New year’s resolutions evolved over time beyond religious goals into the secular world. We see more resolutions that are meant to be self-serving, for betterment of mental, physical, and emotional health. People seek weight loss, new hobbies, and money on their list. The concept of resolutions has become the topic of casual discussions, magazine articles, and even YouTube videos. There are surveys taken and even directions given on how to make and keep the yearly goals.
I have not been immune to observing this long standing tradition. My resolutions varied from religious to personal to bucket list items. I find that writing them down is a good way to revisit the past while also staying focused on the future as it allows me to track what was important to me from one year to the next, see my growth, and even feel a sense of accomplishment.
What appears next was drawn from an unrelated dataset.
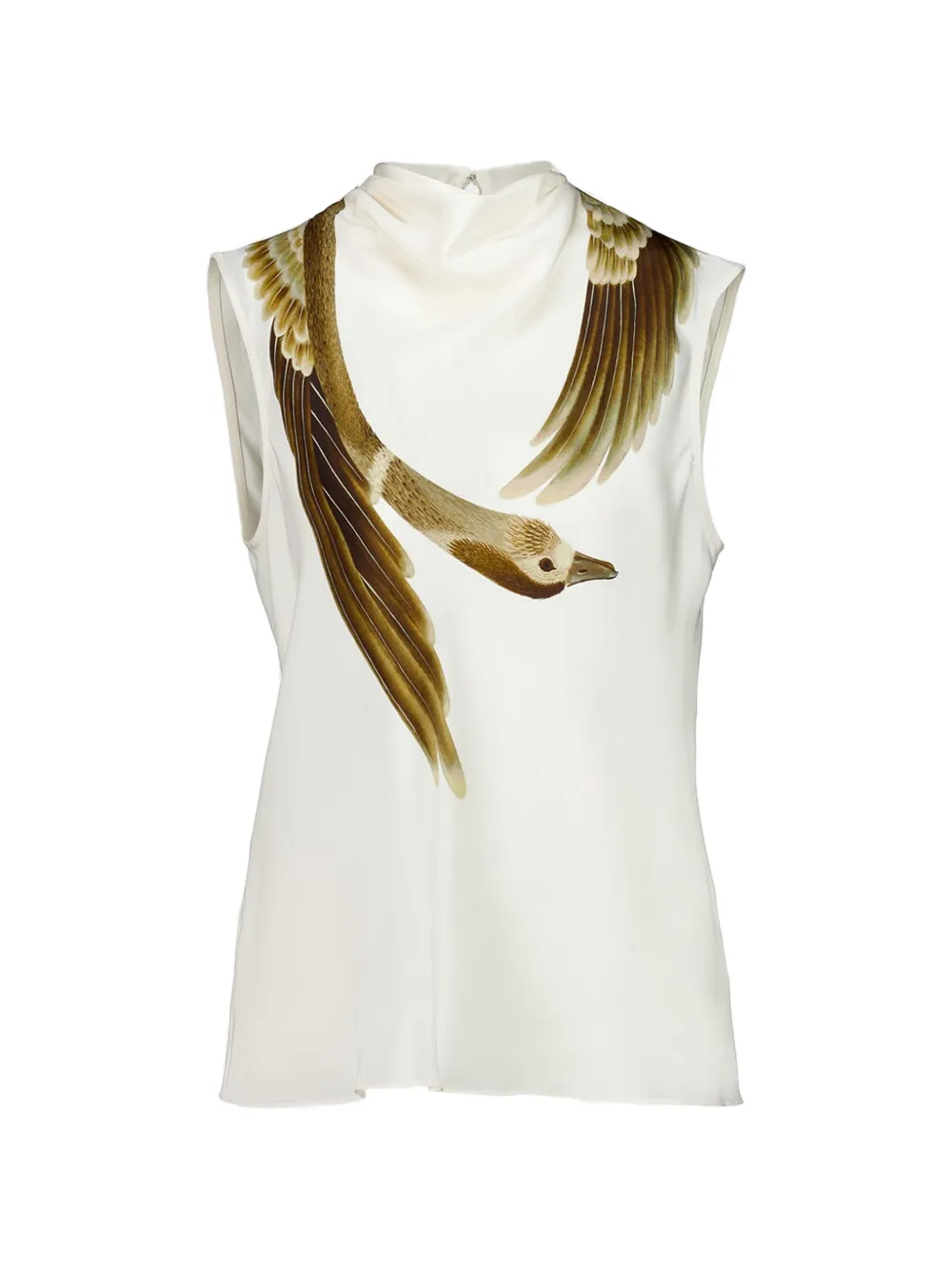 Altuzarra Arlie goose-print top - Toni neutri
I seldom fulfill these annual goals, but they guide me when I feel as though I’m running in circles or sitting stagnant in life.
Some of my resolutions have been to publish a book, run a 5k, read my Bible daily, and write daily. Often my resolutions blend with my bucket list – graduating from college, visiting Washington D.C., going out on a tall ship – in order to accomplish the bucket list I make some items a resolution in order to force a deadline and aid in the success of succeeding.
As we begin 2019 I wonder what resolutions I should place before myself. I’ve never been the weight loss, exercise more type and currently, I’ll confess, to being in a bit of spiritual slump. So, as I search my mind and soul I stumble upon an interesting idea, maybe I am coming up empty because I am content with my life and who I am?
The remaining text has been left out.